For GCC versions 4.5 till 4.9 a new function instrumentation is available via the plug-in interface of the compiler. This new function instrumentation greatly improves the measurement performance. It also provides compile-time instrumentation filtering using the same filter file format as the run-time filtering. On some systems the GCC plug-in dev package needs to be installed, in order to provide the necessary header files.
Features and improvements:
Support for pthread_exit and pthread_cancel was added.
Added support for task migration in the profiling system.
Added support for Intel Xeon Phi systems (native mode only)
Added new user instrumentation macros (e.g., SCOREP_USER_REGION_BY_NAME_BEGIN( name, type ) and SCOREP_USER_REGION_BY_NAME_END( name )). These macros can annotate user regions without the need to take care about the handle struct.
User tools and API improvements and changes:
Due to the added task migration support, the default for the invokation of OPARI2 in the instrumenter was changed. Until now, the instrumenter let OPARI2 make all tasks tied and print a warning if an untied task was encountered. The new default is that the untied tasks are left untied and no warning is printed.
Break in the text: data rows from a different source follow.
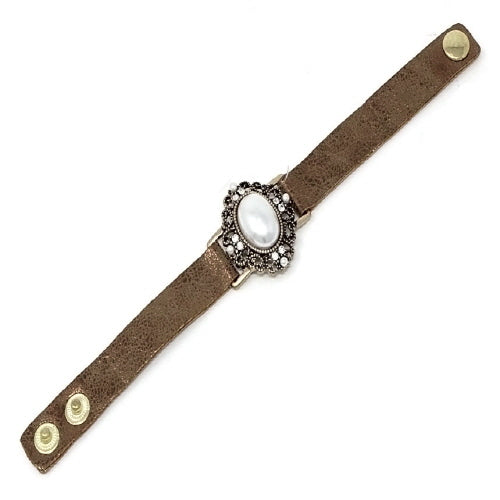 Bohemian Leather Bracelet for Women - Gold Adjustable Wrap Bracelet - Handmade Leather Jewelry for Boho Style, Festival, and Everyday Wear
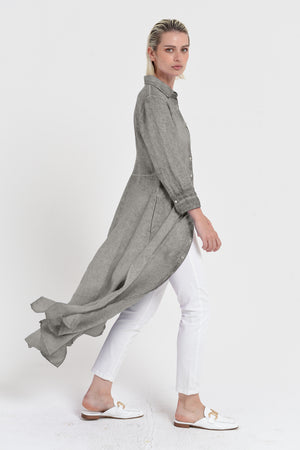 Brooke - Women's Shirtdress in Linen - Dolphin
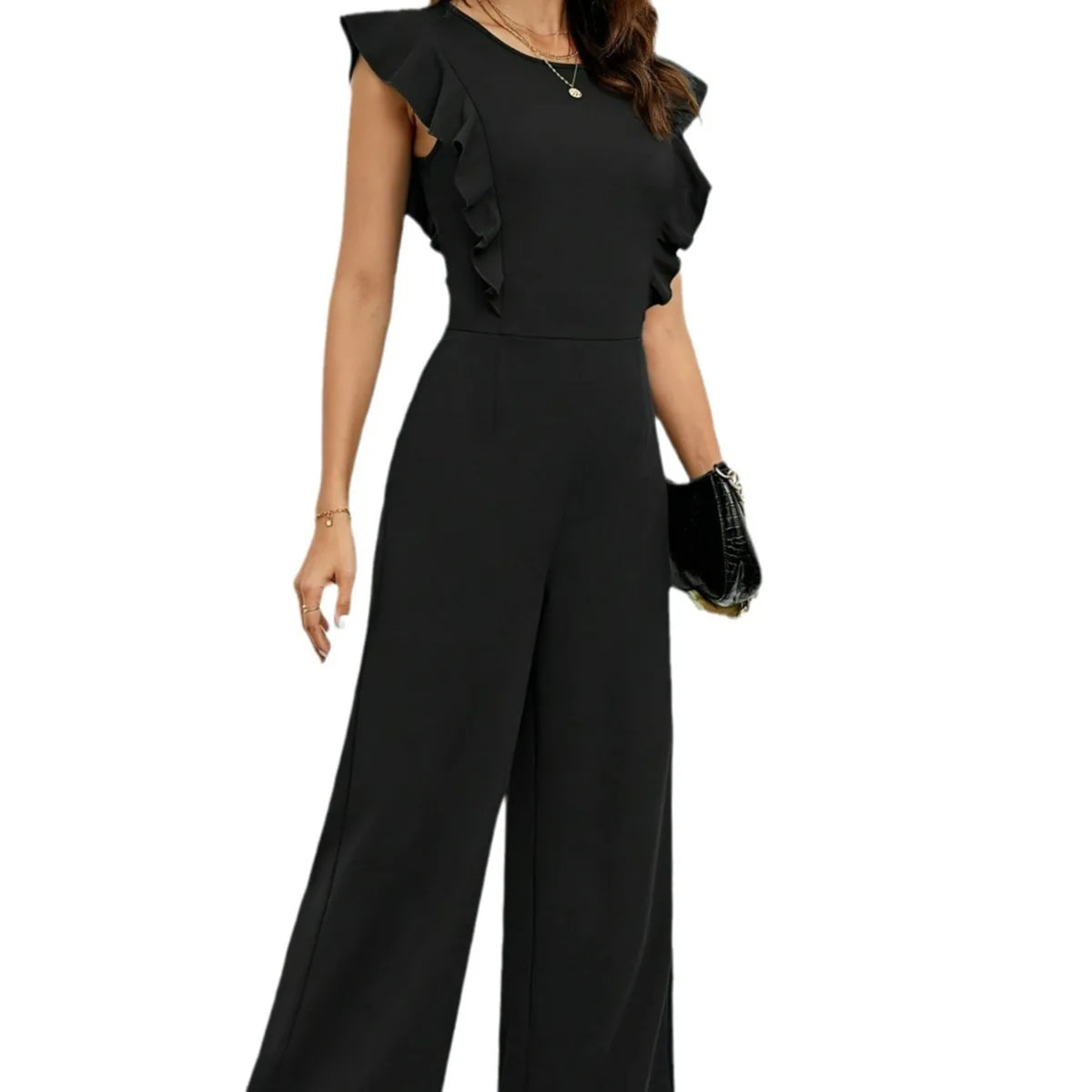 2024 Summer Black Jumpsuit Butte Sleeve WideJumps Elegant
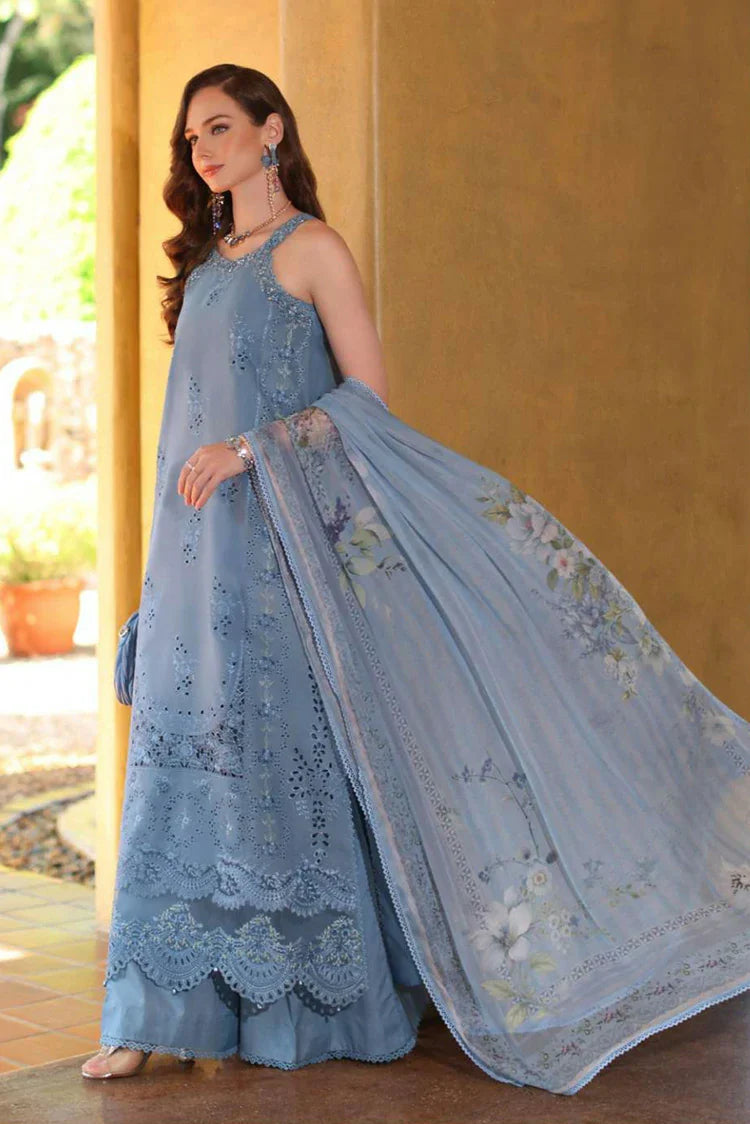 Noor by Saadia Asad - Noor Luxury Eid Handwork Schiffli Laserkari - D3A-Mirelle - Unstitched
The task related data storage mechanism was changed. The profiling backend does not use a hash table to associate a task id with a data structure anymore, but gets a pointer from the task management in the measurement core. Thus, the environment variable SCOREP_PROFILING_TASK_TABLE_SIZE to specify the size of the hash table disappeared.
Added the environment variable SCOREP_PROFILING_TASK_EXCHANGE_NUM to specify how ofter the profiling system returns reallocated memory objects that have migrated to another thread.
Support for cobi was removed.
SCOREP_User_RegionBegin / SCOREP_User_RegionInit accept NULL as parameter value for lastFileName and lastFileHandle. This simplifies the calls to these functions when used directly without the provided macros.
score-score got a new option: -m allows to display mangled region names. Furthermore, the filter evalution in scorep-score can also use mangled names, too.
In some cases, not all regions are exited at measurement finalization time. Fixed.
Using PGI compiler instrumentation in conjunction with tasks could lead wrong region handles in region exits. Fixed.
Fix building of MPI wrapper if compiler issues unrelated warnings at configure time.
The SCOREP_USER_METRIC_UINT64 macro used signed values. Fixed.
Add conflict in the instrumenter between --thread=pthread and --mutex=pthread.
Fixed errors with libmpigf during linking of the instrumented application.
Fixes wrong acquisition order in pthread_cond_timedwait by modifying the nesting level (analog pthread_cond_wait)
Fixes that internal CUDA driver calls were recorded
Fixes a potential deadlock in CUDA adapter for multithreaded CUDA
Fortran OpenMP applications instrumented with OPARI2 and preprocessing report wrong file names ending in '.input.F' for POMP2 regions.